▸ **What is being asked**
Reproduce the listing below in full and without alteration, apart from its pictures.

─── Stored data ───

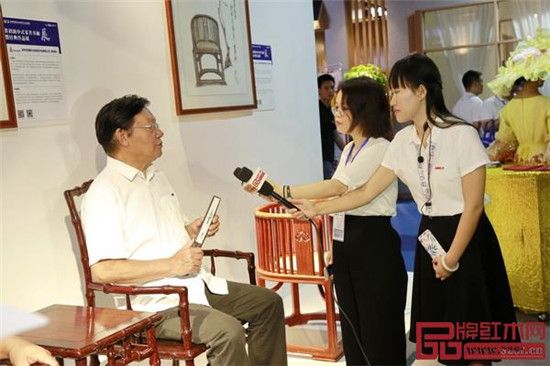 全国工商联原副主席程路坐于泰和园《当代君子竹节椅》接受媒体采访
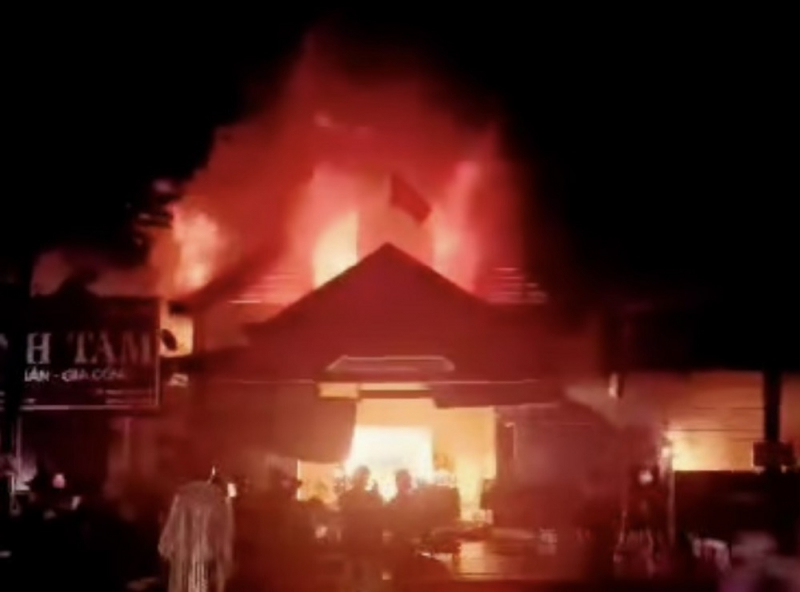 Cháy chợ lớn nhất huyện miền núi Nam Đông	 -0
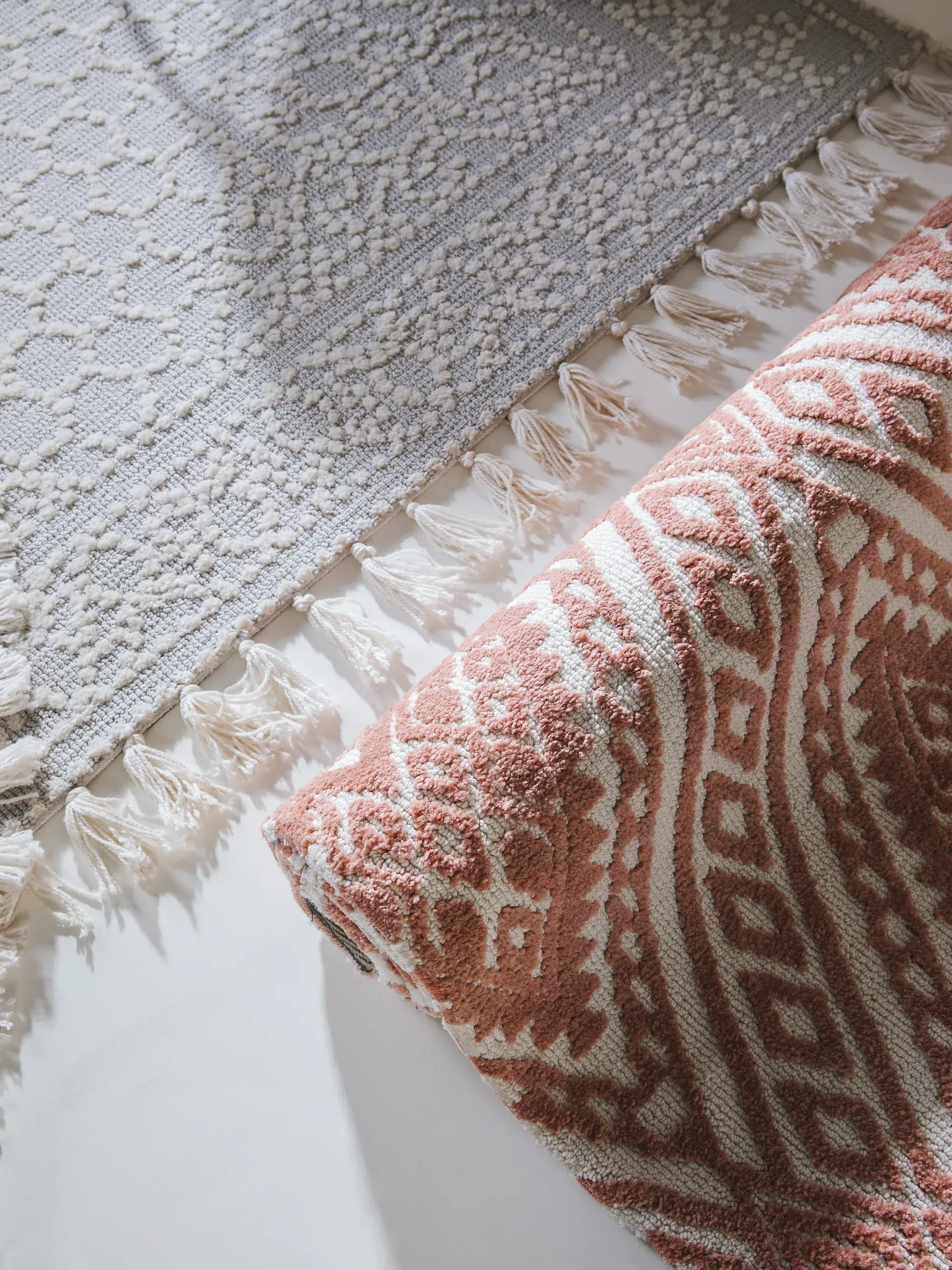 Rug made of 100% Polyester (Microfiber) in Rot with a 100% Polyester (Microfiber) high pile by benuta Nest
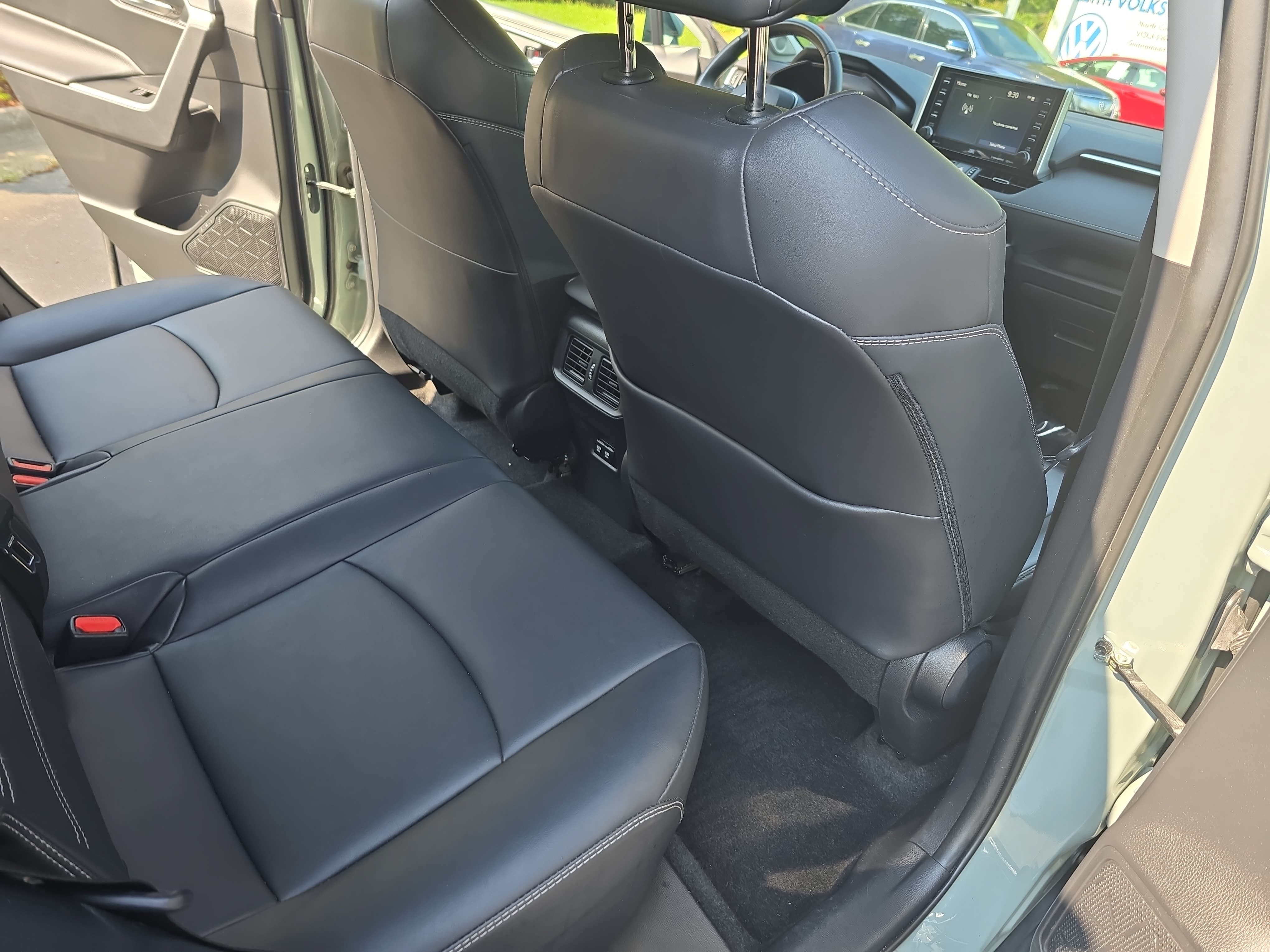 Used 2020 Toyota RAV4 XLE Premium AWD/4WD image 11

───

▸ **Output below**
 全国工商联原副主席程路坐于泰和园《当代君子竹节椅》接受媒体采访
 Cháy chợ lớn nhất huyện miền núi Nam Đông	 -0
 Rug made of 100% Polyester (Microfiber) in Rot with a 100% Polyester (Microfiber) high pile by benuta Nest
 Used 2020 Toyota RAV4 XLE Premium AWD/4WD image 11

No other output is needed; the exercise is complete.